For Markel Group, the model uses a Book Value of $1,477.23 per share and a Stable EPS of $149.16 per share, based on weighted future Return on Equity estimates from 4 analysts. The implied Cost of Equity is $120.56 per share, which leaves an Excess Return of $28.60 per share. That excess is built on an Average Return on Equity of 8.63% and a Stable Book Value of $1,727.70 per share, sourced from weighted future Book Value estimates from 3 analysts.
Bringing those inputs together, the Excess Returns model points to an intrinsic value of about $2,529.25 per share. Compared with the current share price of about $1,899.64, this implies the stock is 24.9% undervalued on this approach.
Result: UNDERVALUED
Our Excess Returns analysis suggests Markel Group is undervalued by 24.9%. Track this in your watchlist or portfolio, or discover 61 more high quality undervalued stocks.

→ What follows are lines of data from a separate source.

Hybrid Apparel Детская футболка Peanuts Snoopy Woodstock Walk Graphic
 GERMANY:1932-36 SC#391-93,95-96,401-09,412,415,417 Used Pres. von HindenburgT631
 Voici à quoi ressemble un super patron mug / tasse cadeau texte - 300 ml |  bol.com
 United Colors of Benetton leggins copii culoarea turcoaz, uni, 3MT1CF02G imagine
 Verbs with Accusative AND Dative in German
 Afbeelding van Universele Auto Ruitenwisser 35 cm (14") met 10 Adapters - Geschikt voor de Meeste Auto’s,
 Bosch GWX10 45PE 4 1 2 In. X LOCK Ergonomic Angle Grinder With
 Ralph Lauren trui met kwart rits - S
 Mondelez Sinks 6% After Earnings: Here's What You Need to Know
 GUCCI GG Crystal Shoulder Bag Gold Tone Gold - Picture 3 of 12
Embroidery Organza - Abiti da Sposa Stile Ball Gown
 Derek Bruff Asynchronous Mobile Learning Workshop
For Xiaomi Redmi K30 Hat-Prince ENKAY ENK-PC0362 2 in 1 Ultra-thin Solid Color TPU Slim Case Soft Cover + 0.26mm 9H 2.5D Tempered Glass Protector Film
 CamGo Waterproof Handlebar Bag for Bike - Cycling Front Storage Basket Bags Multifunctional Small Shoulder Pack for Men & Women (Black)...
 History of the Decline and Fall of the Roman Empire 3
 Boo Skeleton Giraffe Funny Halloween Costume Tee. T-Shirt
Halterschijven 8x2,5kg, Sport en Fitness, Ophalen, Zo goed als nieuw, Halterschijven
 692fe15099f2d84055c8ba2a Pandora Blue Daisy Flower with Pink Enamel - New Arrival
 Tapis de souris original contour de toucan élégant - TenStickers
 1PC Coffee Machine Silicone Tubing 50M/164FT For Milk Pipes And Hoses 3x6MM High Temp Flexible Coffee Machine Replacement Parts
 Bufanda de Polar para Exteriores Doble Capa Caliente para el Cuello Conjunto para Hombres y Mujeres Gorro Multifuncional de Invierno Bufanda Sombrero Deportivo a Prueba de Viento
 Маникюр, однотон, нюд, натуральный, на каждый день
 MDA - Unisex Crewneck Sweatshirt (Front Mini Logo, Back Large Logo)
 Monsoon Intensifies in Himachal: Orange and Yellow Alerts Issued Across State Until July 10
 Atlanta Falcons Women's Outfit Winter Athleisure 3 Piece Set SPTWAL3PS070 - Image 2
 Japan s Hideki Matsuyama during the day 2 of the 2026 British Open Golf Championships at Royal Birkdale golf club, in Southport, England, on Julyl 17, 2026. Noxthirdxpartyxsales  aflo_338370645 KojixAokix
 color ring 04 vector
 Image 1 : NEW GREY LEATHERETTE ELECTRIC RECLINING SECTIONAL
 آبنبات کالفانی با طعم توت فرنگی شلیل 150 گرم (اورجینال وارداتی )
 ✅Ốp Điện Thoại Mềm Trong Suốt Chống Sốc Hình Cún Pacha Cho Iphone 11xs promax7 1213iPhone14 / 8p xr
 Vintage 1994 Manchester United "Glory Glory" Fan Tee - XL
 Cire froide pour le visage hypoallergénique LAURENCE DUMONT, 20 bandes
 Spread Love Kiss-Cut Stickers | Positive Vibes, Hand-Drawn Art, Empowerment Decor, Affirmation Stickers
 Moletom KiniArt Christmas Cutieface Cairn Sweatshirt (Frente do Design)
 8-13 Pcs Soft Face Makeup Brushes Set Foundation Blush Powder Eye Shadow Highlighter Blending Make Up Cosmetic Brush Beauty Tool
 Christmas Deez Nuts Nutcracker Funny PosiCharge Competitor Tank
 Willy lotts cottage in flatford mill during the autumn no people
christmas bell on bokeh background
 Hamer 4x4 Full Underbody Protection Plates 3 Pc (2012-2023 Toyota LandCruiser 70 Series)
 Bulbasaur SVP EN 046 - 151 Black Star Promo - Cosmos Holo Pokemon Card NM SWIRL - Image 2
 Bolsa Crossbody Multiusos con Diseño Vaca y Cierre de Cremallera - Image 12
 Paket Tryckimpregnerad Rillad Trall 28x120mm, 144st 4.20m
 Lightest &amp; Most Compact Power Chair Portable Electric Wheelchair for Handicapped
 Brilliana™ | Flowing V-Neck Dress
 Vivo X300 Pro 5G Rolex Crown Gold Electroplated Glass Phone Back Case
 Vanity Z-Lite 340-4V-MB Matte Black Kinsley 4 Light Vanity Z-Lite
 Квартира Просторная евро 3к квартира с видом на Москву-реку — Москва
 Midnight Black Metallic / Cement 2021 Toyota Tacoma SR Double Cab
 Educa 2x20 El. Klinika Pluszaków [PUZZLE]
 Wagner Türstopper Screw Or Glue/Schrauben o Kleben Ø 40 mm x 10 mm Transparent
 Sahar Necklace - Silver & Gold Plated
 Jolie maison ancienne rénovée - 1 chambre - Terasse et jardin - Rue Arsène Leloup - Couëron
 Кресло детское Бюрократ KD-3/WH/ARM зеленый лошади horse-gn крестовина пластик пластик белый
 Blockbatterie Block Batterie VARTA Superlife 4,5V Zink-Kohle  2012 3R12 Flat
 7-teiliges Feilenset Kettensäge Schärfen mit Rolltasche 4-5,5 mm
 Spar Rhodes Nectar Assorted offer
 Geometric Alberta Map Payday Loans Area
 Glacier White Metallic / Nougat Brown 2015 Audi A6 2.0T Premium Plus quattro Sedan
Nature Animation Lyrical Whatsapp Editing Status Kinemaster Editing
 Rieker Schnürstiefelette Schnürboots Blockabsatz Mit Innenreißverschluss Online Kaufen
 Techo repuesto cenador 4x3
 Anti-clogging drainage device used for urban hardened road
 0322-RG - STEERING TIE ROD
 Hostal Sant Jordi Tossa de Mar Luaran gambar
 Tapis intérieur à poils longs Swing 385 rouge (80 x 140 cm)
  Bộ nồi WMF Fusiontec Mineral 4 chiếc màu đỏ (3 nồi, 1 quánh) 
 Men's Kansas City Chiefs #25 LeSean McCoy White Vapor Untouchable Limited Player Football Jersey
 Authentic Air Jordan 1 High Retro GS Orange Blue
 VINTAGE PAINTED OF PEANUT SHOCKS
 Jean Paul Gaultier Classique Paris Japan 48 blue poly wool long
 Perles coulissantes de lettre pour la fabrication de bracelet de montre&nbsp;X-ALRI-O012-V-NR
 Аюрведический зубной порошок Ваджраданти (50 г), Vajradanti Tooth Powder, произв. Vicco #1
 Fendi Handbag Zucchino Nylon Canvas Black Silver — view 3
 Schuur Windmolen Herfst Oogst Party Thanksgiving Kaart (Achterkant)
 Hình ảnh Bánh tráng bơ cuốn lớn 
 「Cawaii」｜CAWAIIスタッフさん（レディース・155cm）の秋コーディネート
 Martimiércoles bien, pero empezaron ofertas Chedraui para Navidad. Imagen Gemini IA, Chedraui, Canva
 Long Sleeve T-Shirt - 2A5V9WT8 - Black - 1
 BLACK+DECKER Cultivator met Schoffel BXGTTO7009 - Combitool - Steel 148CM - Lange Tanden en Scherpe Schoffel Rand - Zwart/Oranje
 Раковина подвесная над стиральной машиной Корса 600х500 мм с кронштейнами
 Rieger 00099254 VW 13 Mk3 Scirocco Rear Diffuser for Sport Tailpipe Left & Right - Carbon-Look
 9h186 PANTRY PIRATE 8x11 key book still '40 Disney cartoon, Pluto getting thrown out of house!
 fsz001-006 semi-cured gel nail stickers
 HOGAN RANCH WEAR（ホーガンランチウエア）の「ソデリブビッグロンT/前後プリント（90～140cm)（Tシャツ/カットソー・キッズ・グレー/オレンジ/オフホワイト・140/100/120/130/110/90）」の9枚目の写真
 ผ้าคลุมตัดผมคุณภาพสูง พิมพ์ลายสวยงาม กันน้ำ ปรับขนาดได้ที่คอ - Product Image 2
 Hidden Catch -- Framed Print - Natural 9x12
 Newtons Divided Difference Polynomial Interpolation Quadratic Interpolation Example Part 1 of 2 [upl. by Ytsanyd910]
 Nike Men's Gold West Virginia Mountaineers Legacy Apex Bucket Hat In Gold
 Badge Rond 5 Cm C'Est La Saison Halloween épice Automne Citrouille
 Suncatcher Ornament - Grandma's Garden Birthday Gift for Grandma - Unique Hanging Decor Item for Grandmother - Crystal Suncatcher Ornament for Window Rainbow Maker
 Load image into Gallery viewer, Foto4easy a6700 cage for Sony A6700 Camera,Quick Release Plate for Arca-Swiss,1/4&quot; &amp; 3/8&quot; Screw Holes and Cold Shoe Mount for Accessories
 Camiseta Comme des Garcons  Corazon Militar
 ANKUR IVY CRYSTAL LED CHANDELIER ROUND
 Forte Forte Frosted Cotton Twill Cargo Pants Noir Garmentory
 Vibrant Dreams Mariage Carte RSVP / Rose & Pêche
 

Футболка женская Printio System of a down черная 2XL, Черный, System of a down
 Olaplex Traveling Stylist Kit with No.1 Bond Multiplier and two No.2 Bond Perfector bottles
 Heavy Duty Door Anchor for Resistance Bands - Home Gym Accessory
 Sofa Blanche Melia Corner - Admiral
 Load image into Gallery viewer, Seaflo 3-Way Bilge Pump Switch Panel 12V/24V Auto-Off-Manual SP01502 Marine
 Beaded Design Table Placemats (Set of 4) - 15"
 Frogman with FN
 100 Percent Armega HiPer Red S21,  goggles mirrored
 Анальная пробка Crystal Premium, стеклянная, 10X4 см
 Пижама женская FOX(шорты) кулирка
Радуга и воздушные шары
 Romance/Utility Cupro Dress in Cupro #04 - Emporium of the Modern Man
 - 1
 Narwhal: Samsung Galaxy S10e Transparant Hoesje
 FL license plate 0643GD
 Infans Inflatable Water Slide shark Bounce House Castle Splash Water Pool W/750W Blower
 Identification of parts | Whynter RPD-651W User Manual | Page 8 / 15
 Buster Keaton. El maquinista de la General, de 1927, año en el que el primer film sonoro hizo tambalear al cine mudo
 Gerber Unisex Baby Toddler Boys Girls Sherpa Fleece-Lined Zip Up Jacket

For a profitable company like Markel Group, the P/E ratio is a useful shorthand for what investors are currently paying for each dollar of earnings. It reflects how the market is weighing factors such as growth prospects, business quality and risk, since higher expected growth or lower perceived risk often support a higher "normal" P/E, while slower growth or higher risk usually point to a lower one.
Markel Group currently trades on a P/E of 11.16x. That sits slightly above the Insurance industry average of 10.86x and a bit below the peer average of 11.74x, so on simple comparisons it looks broadly in line with its sector. Simply Wall St’s Fair Ratio for Markel Group is 11.37x, which is the P/E that would be expected once factors such as earnings growth, margins, industry, market cap and company specific risks are taken into account.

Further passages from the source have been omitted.